By DPA
Baghdad : Iraqi Prime Minister Nuri al-Maliki said Thursday the next few days would see crackdowns against criminals in areas under their control, and urged the political group of Shia cleric Moqtada al-Sadr to rid itself of outlaws.
More violent attacks were, meanwhile, reported across Iraq.
Al-Maliki launched an offensive codenamed Charge of the Knights against fighters of al-Sadr’s Mahdi Army militia March 25 in the southern city of Basra.
Speaking at a news conference, al-Maliki said there were areas in Baghdad that needed a Charge of the Knights to clear them of criminal gangs.
“Outlaws should return to their senses and leave people in Sadr City, Shula and Kazimiyah to live in freedom,” al-Maliki was quoted as saying by the Voices of Iraq (VOI) news agency.
Sadr City, Shula and Kazimiyah – all Mahdi Army strongholds in Baghdad – have seen deadly clashes between government troops and al-Sadr’s loyalists in the wake of the launch of the Basra crackdown.
“There will be battles in the next days in areas that have fallen hostage to those gangs,” the premier vowed.

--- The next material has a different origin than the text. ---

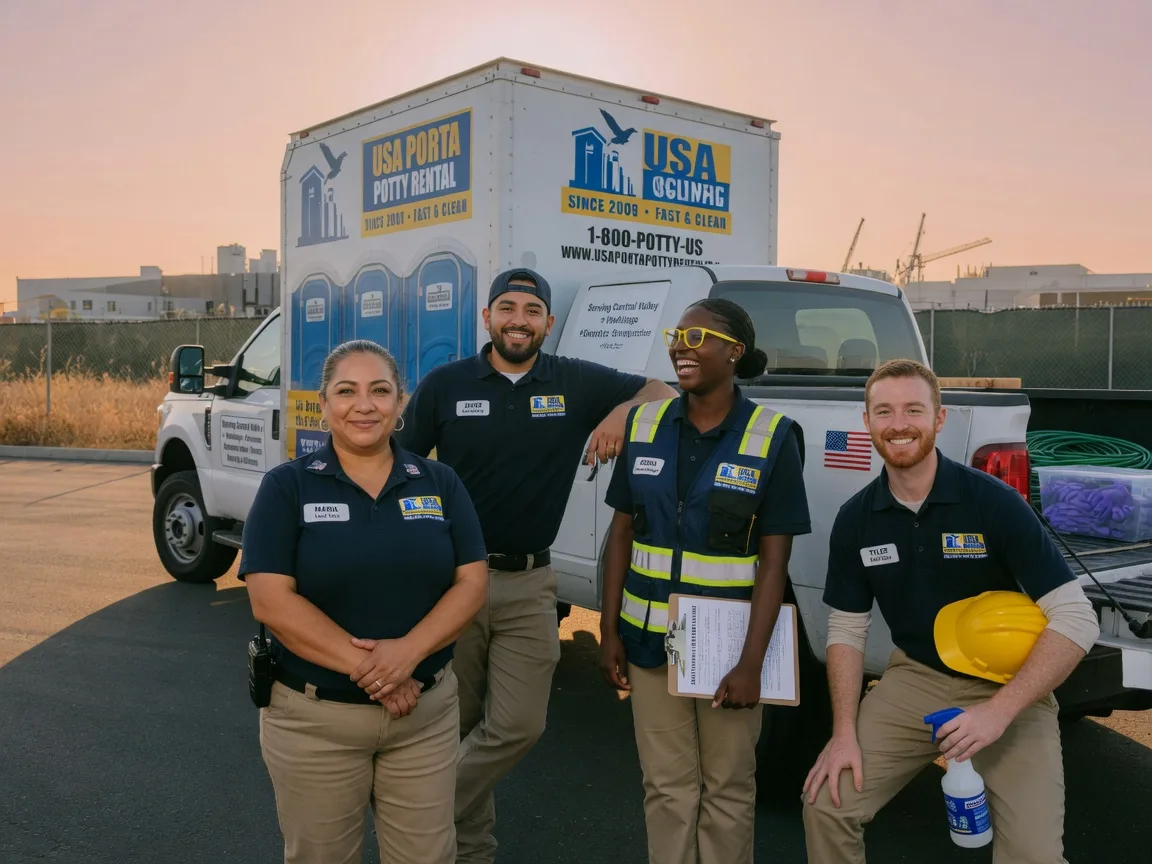 Portable Toilet Rental company in Chapel Hill, NC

Speaking at another press conference Thursday, al-Maliki said the Basra offensive did not target any political group but criminals committing thefts and smuggling.
He urged al-Sadr, who called his fighters off the streets Sunday, to clear his militia of outlaws.

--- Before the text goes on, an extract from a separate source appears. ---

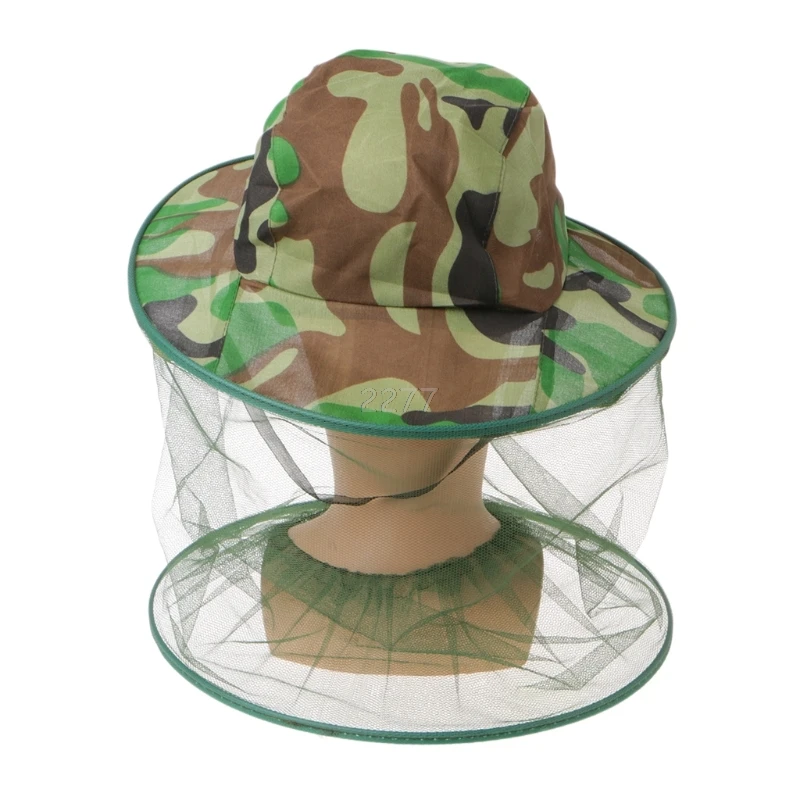 

Mesh Face Mask Hat Keeping Insects Bee Flying Face-Protector Beekeeper Fishing Beekeeping tools MAY14 dropshipping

Meanwhile, violence continued to flare in Basra, where US air strikes destroyed a house in the Kobla district Thursday. According to earlier reports the attack killed four civilians.
Earlier reports said night guards by mistake opened fire on a US patrol early Thursday in Jamiyah, a district in the city centre.
Later, a US gunship shelled the scene of the shooting, killing five policemen and injuring 11, including two women in their homes, the officials, speaking on condition of anonymity, said.
Separately, seven people were killed and 12 injured in a suicide bombing in the northern city of Mosul last night, VOI reported.
A suicide bomber blew up a car near a checkpoint in west Mosul, General Khaled Abdel-Sattar, an army spokesman in Nineveh province, told VOI.
A woman and a child were among the dead, five children and three soldiers among the wounded.
In Baghdad, Iraqi police told VOI that a civilian was killed and another seven were wounded when a car bomb was remotely detonated in Harethiya district.